Treasurers and state financial officers representing 14 states sent letters Monday to Costco, Walmart, Kroger, Albertsons, and McKesson calling on C-suite leaders to resist political pressure to begin selling the chemical abortion drug mifepristone at their pharmacies.
The letters were signed by state financial officers of Texas, Alaska, Idaho, Kansas, Louisiana, Mississippi, Nebraska, Nevada, Ohio, Oklahoma, South Carolina, South Dakota, Utah and Wyoming. The letters follow similar outreach in August from firms, financial advisors, and thousands of Costco members representing more than $100 billion in assets under management, including more than $172 million in ownership of the five retailers.

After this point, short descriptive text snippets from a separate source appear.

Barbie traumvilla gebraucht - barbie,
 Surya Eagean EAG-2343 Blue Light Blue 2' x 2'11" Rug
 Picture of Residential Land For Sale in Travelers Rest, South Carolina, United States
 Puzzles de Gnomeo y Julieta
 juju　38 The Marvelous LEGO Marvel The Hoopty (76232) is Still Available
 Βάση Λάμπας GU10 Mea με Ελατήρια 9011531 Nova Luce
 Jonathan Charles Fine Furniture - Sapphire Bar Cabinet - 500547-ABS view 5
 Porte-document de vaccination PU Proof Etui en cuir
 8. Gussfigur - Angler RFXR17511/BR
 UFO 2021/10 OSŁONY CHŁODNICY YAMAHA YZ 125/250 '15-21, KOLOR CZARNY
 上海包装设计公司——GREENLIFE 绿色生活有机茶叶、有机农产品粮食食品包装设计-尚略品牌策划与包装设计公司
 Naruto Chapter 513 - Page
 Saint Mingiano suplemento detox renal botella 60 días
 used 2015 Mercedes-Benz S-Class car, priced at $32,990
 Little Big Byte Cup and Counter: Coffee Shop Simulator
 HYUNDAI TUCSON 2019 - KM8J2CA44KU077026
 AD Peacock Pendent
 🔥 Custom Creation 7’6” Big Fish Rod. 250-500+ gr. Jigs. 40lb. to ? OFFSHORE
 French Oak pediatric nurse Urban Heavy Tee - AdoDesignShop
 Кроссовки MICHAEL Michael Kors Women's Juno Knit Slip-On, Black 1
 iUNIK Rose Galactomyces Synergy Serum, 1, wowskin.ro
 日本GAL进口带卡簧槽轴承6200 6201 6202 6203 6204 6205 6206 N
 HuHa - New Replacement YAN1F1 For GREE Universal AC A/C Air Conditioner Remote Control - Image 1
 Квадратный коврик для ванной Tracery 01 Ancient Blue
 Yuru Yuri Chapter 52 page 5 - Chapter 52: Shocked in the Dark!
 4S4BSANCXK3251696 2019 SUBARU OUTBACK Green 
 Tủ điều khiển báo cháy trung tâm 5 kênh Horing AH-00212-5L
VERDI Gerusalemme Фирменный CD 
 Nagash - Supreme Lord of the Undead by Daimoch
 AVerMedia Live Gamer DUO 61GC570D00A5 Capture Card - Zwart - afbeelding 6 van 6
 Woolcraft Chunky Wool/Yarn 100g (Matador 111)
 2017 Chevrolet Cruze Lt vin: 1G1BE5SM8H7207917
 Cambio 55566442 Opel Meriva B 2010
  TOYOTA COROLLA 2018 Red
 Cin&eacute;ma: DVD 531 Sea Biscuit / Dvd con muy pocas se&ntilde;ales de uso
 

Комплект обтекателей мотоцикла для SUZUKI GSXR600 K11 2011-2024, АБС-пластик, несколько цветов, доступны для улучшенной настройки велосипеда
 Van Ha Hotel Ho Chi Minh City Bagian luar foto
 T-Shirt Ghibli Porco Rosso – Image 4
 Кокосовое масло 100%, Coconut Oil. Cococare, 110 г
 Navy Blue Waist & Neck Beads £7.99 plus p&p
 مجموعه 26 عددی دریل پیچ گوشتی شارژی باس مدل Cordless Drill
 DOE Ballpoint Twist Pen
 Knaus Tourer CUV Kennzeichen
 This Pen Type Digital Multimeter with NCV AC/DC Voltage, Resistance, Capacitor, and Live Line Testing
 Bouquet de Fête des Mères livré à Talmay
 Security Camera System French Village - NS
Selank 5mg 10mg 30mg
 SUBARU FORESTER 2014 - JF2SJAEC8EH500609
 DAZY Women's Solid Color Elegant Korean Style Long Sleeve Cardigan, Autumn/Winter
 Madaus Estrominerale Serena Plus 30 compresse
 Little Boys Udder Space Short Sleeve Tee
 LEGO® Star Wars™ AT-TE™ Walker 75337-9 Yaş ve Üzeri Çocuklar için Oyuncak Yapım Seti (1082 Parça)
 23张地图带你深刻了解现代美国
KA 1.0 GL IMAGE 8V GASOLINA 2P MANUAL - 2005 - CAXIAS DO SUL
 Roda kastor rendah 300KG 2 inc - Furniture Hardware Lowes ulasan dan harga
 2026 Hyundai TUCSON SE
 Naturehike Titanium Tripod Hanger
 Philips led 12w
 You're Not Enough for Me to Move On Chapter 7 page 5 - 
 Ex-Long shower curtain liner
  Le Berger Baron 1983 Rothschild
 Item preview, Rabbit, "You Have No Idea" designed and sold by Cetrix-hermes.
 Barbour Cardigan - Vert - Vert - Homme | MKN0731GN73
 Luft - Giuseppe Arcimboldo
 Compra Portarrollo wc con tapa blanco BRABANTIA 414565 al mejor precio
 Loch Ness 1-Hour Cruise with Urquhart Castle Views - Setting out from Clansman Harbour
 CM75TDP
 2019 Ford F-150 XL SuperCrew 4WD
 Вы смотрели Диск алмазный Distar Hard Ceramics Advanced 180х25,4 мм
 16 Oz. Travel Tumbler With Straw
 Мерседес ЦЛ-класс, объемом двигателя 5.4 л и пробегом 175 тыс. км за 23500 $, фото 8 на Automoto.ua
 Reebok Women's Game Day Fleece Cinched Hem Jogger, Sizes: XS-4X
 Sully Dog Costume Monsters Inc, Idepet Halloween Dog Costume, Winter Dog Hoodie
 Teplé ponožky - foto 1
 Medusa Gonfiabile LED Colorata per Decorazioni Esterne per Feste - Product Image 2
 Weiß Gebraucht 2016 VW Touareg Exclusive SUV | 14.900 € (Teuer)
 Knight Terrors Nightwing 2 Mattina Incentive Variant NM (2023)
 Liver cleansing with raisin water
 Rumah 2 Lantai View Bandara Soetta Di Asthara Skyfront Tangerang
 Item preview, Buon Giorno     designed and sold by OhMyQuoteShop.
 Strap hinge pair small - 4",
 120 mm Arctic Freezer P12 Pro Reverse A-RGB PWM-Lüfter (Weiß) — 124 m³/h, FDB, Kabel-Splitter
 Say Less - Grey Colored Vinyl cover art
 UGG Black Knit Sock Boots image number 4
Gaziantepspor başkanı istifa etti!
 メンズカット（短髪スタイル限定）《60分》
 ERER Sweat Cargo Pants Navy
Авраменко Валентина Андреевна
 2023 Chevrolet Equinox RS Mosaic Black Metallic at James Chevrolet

“We applaud the state financial officers calling for the companies to resist political pressure to dispense mifepristone,” said Alliance Defending Freedom Legal Counsel Michael Ross. “Retailers like Costco and Walmart have nothing to gain and much to lose by selling dangerous abortion chemicals. Retail pharmacies are there to serve the health and wellness of their customers, but abortion drugs like mifepristone undermine that mission by putting women’s health at risk.”
The letters were written in response to pressure from New York City Comptroller Brad Lander, who leveraged the funds of New York City’s employees two weeks before announcing his mayoral bid to pressure the companies to “immediately take the steps necessary” to begin dispensing the abortion drug mifepristone.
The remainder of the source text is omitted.